Между тем императрица скончалась, и все изменилось. Господа Литта, помимо большого интереса, который они возбуждали новизною своего появления, — так как папский нунций и Мальтийский посланник были не совсем обыкновенные лица при русском Дворе — имели за собою еще то преимущество, что в Петербурге теперь преобладал принцип благосклонного отношения ко всему тому, что раньше не нравилось, и осуждения всего того, что раньше выдавало удовольствие. Итальянское лукавство и подавленное раньше честолюбие нашли возможность распустить крылья, и мы сейчас увидим до чего они дошли. Кавалер Литта, выведенный в звание командора Мальтийского Ордена, стал проявлять свой характер в качестве полномочного посланника. Нунций прибыл к коронационным торжествам и был принять с отличием. Император уделял большое внимание своим католическим подданным, но еще больше Мальтийскому Ордену. Командор [203] старался поддерживать этот зарождающийся интерес. Он делал вид, что признает положение своего Ордена критическим, и стал работать совместно с императором, как будто обоих что-то соединяло в ущерб третьему. Один предложил подготовить приезд ко Двору торжественного и чрезвычайного посольства, а другой учреждал командорства. Мы увидим, какое значение эти две меры имели впоследствии.
203
31 октября 1798 г., Юлий Помпеевич — так русские звали командора Литта, — женился на вдове графа Скавронского, урожденной Энгельгардт, племяннице князя Потемкина. Эта женитьба состоялась вопреки основным правилам Мальтийского ордена, предписывавшим членам ордена безбрачие. Такое нарушение, впрочем, не было исключительным, если принять во внимание то странное обстоятельство, что между кавалерами Мальтийского ордена, назначенными Павлом I, находился граф Кутайсов, происходивший от мусульман и что этим орденом были пожалованы две дамы — княгиня Анна Петровна Гагарина, урожденная Лопухина, и графиня Литта, супруга командора.
17 января 1798 года последовал указ о князе Потемкине, которого все считали настолько же забытым, насколько он уже давно был покойником. Этим указом предписывалось разрушение памятника воздвигнутого в его честь покойной императрицей в Херсоне, причем в указе разъяснялось, что подданный, управление которого было столь порочным, не мог заслужить подобной чести. Говорят даже, что его останки были брошены в воду [204] . Мнение на счет управления этого временщика было единодушно, но каков бы оно ни было, он, хорошо или плохо, все же основал города, углублял порты, строил верфи, Черноморский флот был великолепен, и это колоссальное творение нельзя было уничтожить местью над несколькими камнями.

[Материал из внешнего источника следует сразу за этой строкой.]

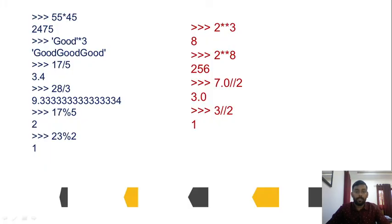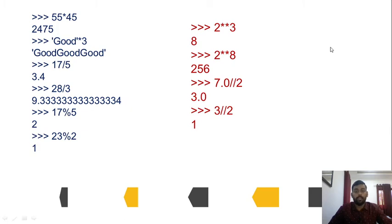For floor division (//): 7.0 // 2 = 3.0, and 3 // 2 = 1. Floor division returns the quotient without the remainder, similar to integer division.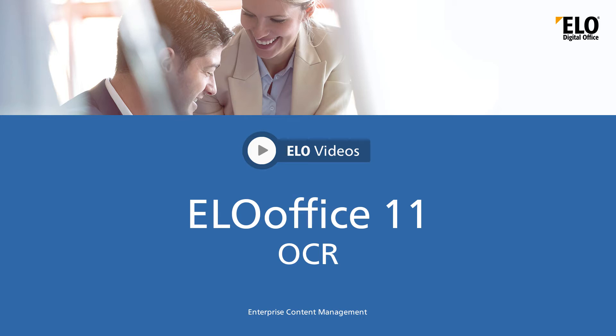Hello and welcome to another video tutorial from ELO Digital Office. In this video we will be showing you how to use text recognition to transfer data from a document to the keywording in ELO Office 11.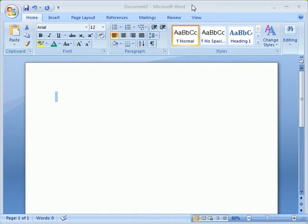Welcome to this clip, covering the new Microsoft Word 2007 environment, which is designed to more closely reflect the way we generally work with our software applications. This clip will get you up to speed quickly, so let's begin the tour.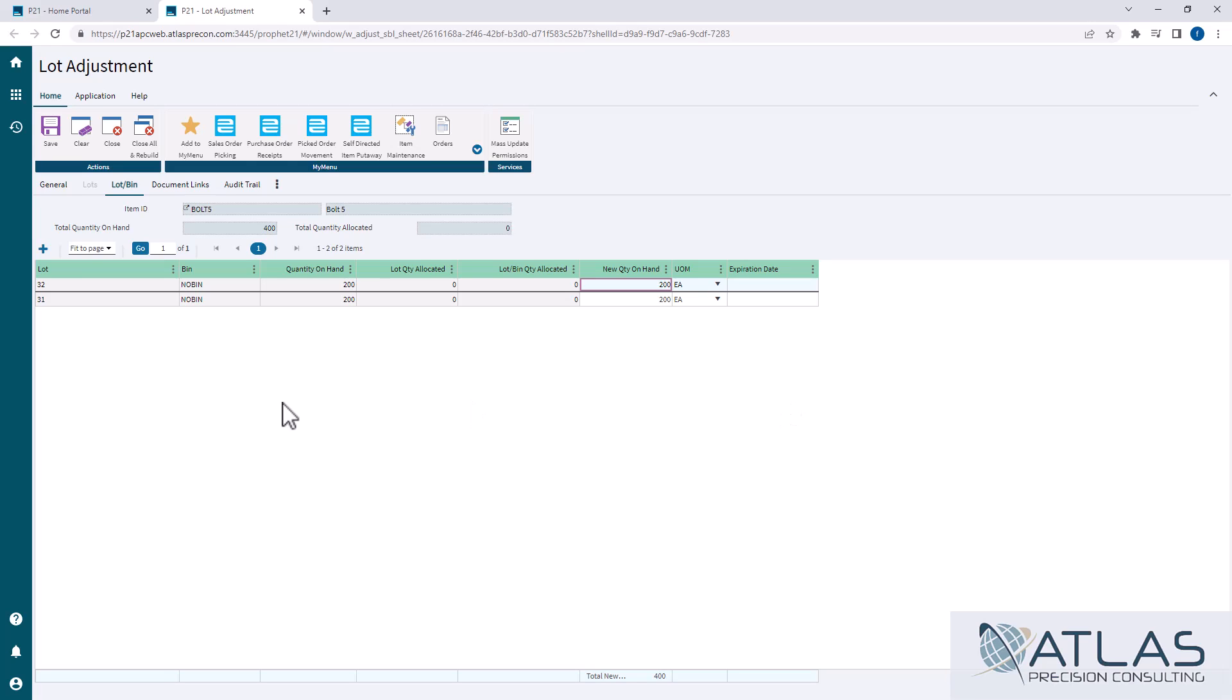Now I can come in here and also I should point out that this system has been tracking. So this is a lot bin tab. If you were not using bins at all in your system, you would be on the lot tab and you would not have a bin tab to deal with.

Император, который первоначально возымел мысль разрушить Таврический дворец, но потом решил сохранить его, хотел только доказать, что это решение происходило не от излишней деликатности или от уважения к предшествующему царствованию, а от экономических соображений.
204
На сей раз граф Федор преувеличивает. В действительности это дело происходило иначе. 27-го марта 1798 генерал-прокурор князь Куракин сообщил новороссийскому гражданскому губернатору тайному советнику Гелецкому следующее секретное предписание: «Известно государю императору, что тело покойного князя Потемкина доныне еще не предано земле, а держится на поверхности, в особо сделанном под церковью погребу и от людей бывает посещаемо, а потому находя сие непристойным, высочайше соизволяет дабы все тело без дальнейшей огласки, в самом же том погребу погребено было в особо вырытую яму, а погреб засыпан землею и изглажен так, как бы его никогда не бывало». Это предписание было в точности исполнено на месте ночью 28 апреля 1798 г. и, хотя, это сделано секретно, но вызвало в жизнь легенду о том, что тело Потемкина вынуто и выброшено (См. Шильдер, Император Павел I, стр. 427).
28 января родился великий князь Михаил. Это было большим происшествием при Дворе, так как он был первый сын императора Павла, родившийся в России, и разговорам по этому поводу не было конца. Я хорошо помню, как кто-то спросил, не имеет ли новорожденный, в качестве «сына императора», больше прав на престол, чем остальные три сына, его старшие братья, родившиеся в то время, когда Павел был великим князем, и мнение публики на этот счет расходилось. Тем временем Его Императорское Величество рассудил, что рождение и крещение новорожденного должны сопровождаться такими церемониями, которые указали бы на разницу между детьми, рождающимися у наследника престола и у императора.